What you should do
Given the listing below, write out exactly the lines starting with the line that has "Siêu trộm liều" and going on through the line that has "Opel Grandland X", both kept.

Data shown
+ + + +

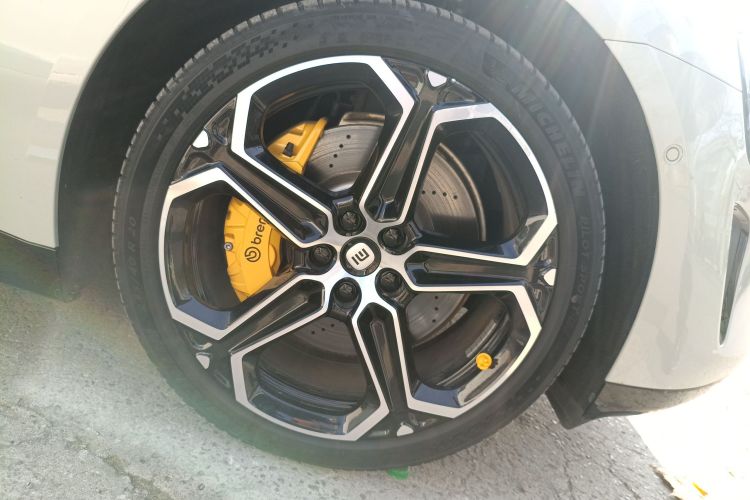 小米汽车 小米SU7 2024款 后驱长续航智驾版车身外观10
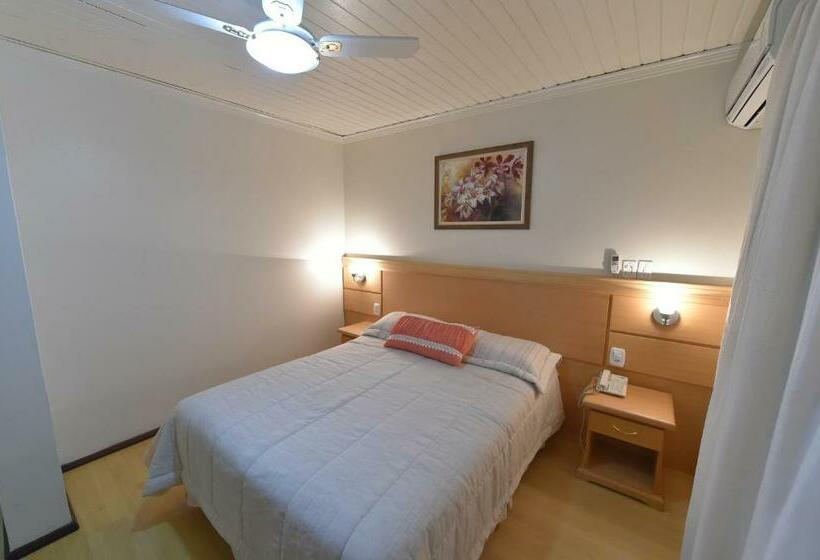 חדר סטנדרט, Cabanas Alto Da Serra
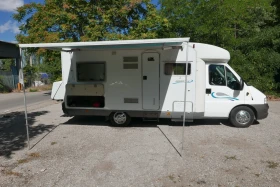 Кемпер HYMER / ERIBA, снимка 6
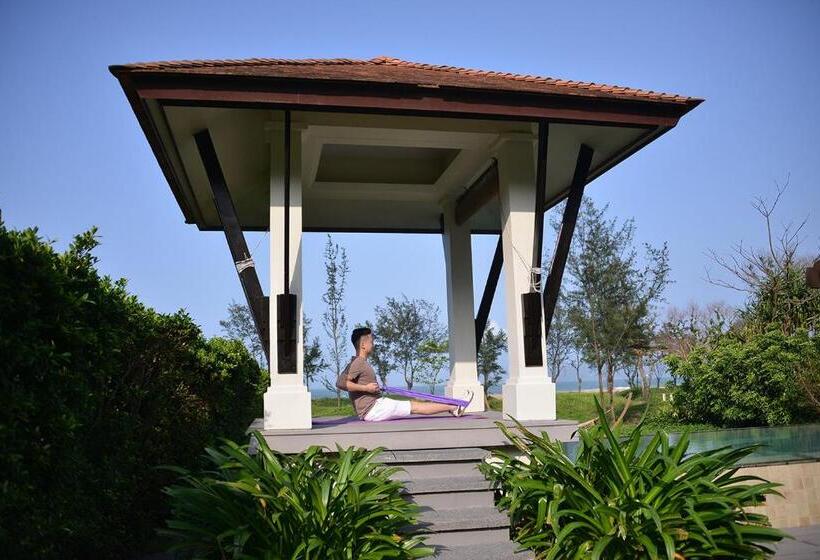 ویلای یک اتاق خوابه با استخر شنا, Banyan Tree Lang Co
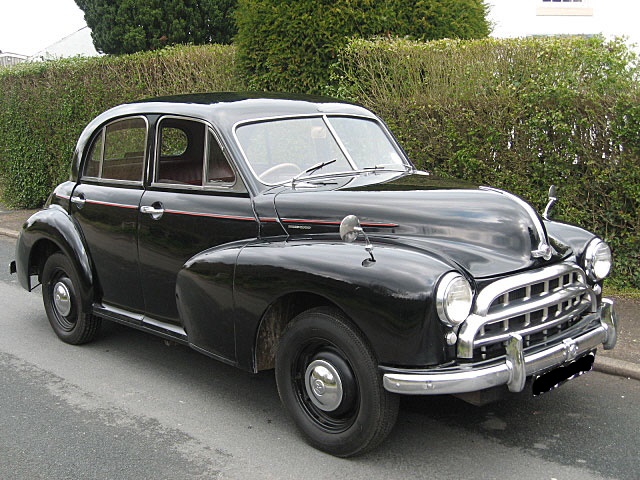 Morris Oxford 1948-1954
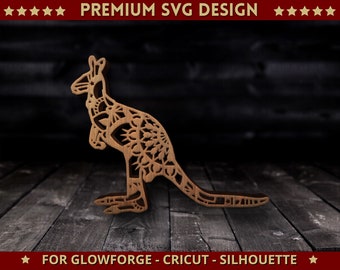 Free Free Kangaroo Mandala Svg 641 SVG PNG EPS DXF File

+ + + +

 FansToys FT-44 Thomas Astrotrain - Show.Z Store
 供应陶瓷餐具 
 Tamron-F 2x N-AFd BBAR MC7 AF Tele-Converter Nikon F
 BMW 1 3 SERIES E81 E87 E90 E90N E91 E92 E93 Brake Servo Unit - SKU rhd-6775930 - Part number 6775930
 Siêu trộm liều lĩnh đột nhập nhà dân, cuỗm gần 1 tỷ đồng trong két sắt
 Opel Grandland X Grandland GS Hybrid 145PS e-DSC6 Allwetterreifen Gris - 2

+ + + +

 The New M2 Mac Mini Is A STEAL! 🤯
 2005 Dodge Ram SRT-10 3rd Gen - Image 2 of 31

+ + + +

Final answer
 Siêu trộm liều lĩnh đột nhập nhà dân, cuỗm gần 1 tỷ đồng trong két sắt
 Opel Grandland X Grandland GS Hybrid 145PS e-DSC6 Allwetterreifen Gris - 2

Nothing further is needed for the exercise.